Na segunda-feira (21), uma nota conjunta da Inglaterra, Alemanha, Bélgica, Dinamarca, País de Gales, Holanda e Suíça justificou a decisão de suspender a manifestação: "A Fifa tem sido muito clara que vai impor sanções esportivas se nossos capitães usarem as braçadeiras no campo de jogo. Como federações nacionais, não podemos colocar nossos jogadores em uma posição na qual poderiam enfrentar sanções esportivas, incluindo cartões. Então, pedimos aos capitães que não tentem vestir as braçadeiras nos jogos da Copa do Mundo".
O Coletivo Canarinhos, que lançou um guia LGBT+ para a Copa do Catar, com informação de apoio para torcedores da comunidade. E também questiona a posição ambígua da Fifa. A organização, que havia se comprometido a uma série de medidas para o torneio, surpreendeu ao anunciar tais punições. Onã usa as redes sociais para relatar casos diários de discriminação, normalmente envolvendo as cores da bandeira LGBT+.
Ao redor do mundo, outras organizações de defesa aos direitos humanos também estão questionando o comprometimento da Fifa com uma Copa do Mundo inclusiva. O braço australiano da Anistia Internacional declarou que "ameaças de última hora contra jogadores que usarem mensagens de apoio aos direitos humanos e à igualdade é o exemplo mais recente do fracasso da Fifa em defender plenamente seus próprios valores e responsabilidades".
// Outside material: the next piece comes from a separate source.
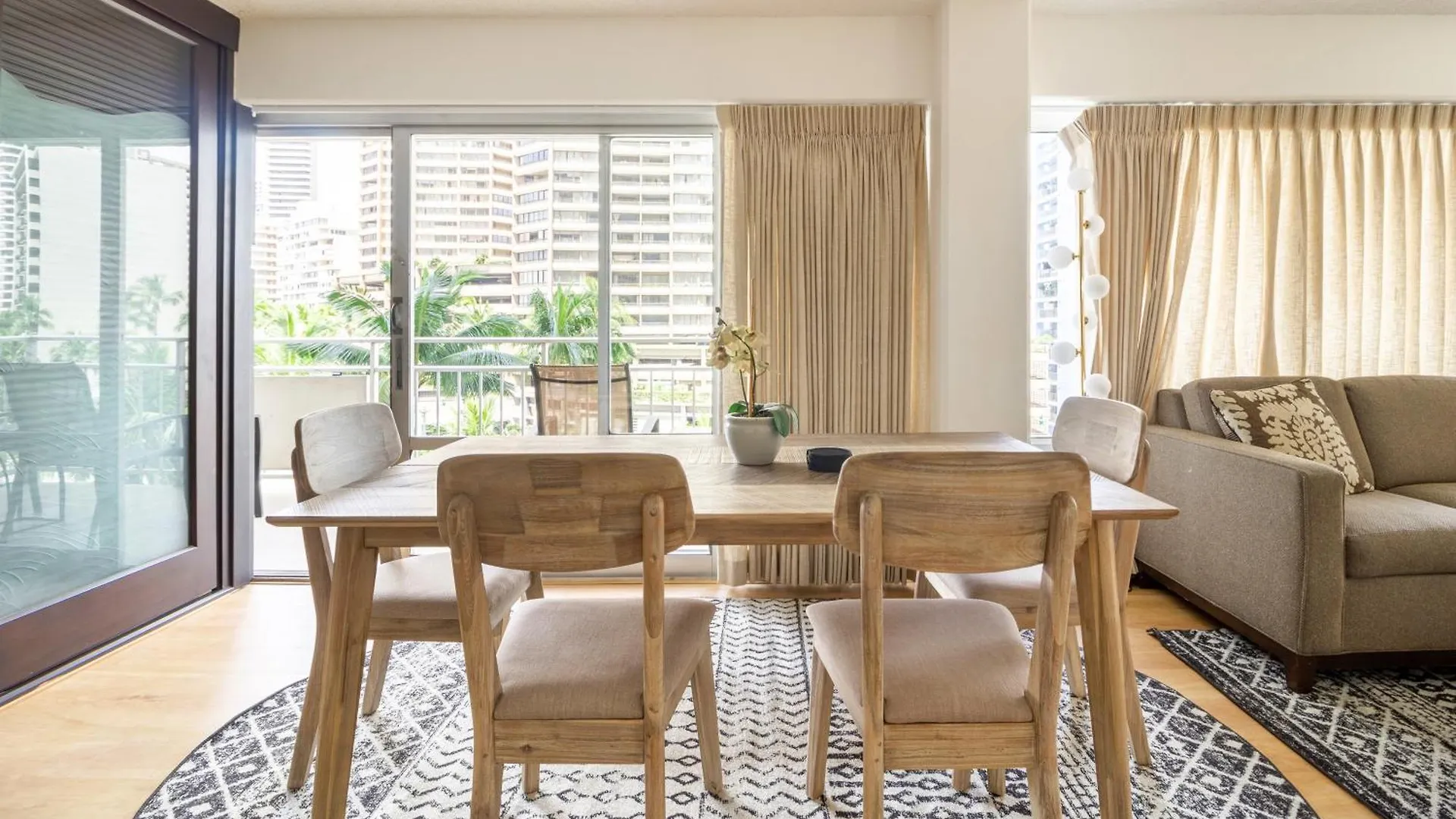 Appartement City And Palm View Oceanfront Bliss With Free Parking Honolulu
Já a Associação Internacional de Gays e Lésbicas (Ilga) publicou uma carta aberta ao presidente da Fifa, Gianni Infantino, em que acusou o evento de não respeitar a liberdade de expressão ao proibir os jogadores de se manifestarem contra a discriminação. "Apesar das muitas reuniões que a Fifa realizou ao longo dos anos com organizações de direitos humanos e dos compromissos assumidos, o que está acontecendo é extremamente preocupante e deve ser tratado com a máxima urgência", diz, no manifesto.